Danışman

Ahmet Davutoğlu öyle bir veda etti ki, arkasından söz söylemek cesaret ister. Ama yine de bir şeyler söylemek lazım.

Sanırım Davutoğlu parti tabanında çok başarılı görülmese de, bazı özlemleri, talepleri temsil ediyor olmalıydı.

Bana gelince teorik olarak Ahmet Davutoğlu’nun başarılı olacağını hiç düşünmedim. Başarılı olursa bu bir istisna olurdu. Çünkü Davutoğlu iyi bir akademisyendi. Teoriyi biliyordu.

Doğrusu teoriyle pratik arasında makas her zaman açık olur, ama Davutoğlu’nda bu makas çok ama çok açıktı. Ayakları yere basmıyordu. Medeniyet tarihimizi biliyordu ama yönetim tarihimizin gerçekliklerinden uzaktı.

İşin kötüsü dış politika, teoriden çok pratiklerin beslediği bir alandı.

Tarih boyunca dış politikada stratejik derinlik var mıydı bilemiyorum ama aynı ırktan, aynı dinden, aynı medeniyetten olanların pek de müttefik olmadıklarını biliyorum. Yönetim işleri, “selam olsun” demekle selamete ermez.

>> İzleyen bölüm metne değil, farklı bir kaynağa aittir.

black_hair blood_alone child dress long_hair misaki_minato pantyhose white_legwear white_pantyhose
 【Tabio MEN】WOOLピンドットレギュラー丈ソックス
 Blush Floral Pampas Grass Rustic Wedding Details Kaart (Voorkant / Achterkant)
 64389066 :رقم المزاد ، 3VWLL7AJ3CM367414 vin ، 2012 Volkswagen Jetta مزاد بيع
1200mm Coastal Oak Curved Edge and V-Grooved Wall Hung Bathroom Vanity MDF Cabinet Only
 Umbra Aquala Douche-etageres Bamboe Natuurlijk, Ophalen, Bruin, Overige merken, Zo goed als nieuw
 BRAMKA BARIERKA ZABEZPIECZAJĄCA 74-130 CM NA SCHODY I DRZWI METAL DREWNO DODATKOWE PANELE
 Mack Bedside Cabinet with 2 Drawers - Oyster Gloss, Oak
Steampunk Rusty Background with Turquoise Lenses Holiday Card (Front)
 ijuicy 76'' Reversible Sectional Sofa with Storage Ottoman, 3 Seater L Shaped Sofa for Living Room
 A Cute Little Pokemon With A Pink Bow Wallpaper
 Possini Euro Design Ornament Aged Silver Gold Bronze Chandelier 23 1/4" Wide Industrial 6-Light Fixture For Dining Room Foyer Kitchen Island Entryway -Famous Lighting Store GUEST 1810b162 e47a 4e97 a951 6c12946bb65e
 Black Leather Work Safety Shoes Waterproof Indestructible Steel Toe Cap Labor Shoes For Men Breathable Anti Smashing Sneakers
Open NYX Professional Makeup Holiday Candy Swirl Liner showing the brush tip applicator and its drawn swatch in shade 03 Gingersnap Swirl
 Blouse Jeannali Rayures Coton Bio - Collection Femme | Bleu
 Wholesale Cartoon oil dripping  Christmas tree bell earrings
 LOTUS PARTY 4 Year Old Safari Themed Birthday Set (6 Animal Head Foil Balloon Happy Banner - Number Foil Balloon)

Davutoğlu, teorinin büyüsüne kapılmış iyi bir akademisyendi ve yönetim konusunda yapabileceği en iyi iş danışmanlıktı. Bir danışman olarak teorik bilgisiyle yöneticilere katkı yapabilirdi. Ayakları yere basmayan fikirleri ise göz ardı edilirdi.

Ahmet Hocayı danışmanlıktan icranın başına geçirmek, Dışişleri Bakanı yapmak, hataydı. Sonra daha büyük hata yapıldı Genel Başkan ve Başbakan oldu.

Ahmet Davutoğlu’nun en zayıf noktası ise zekâsıydı. Hoca zeki bir insandı ve sanırım zekâsına çok güveniyordu. Buna bağlı olarak özgüveni de yüksek olmalıydı. Sanırım Türk tarihine, İslam medeniyetine yön verebilecek kadar kendisine güveniyordu.

Herhalde Davutoğlu, konular üzerinde kalem oynatmakla coğrafya üzerinde at oynatmayı karıştırdı. Keşke güzel işler yapmak, güzel sözler söylemek kadar kolay olsaydı.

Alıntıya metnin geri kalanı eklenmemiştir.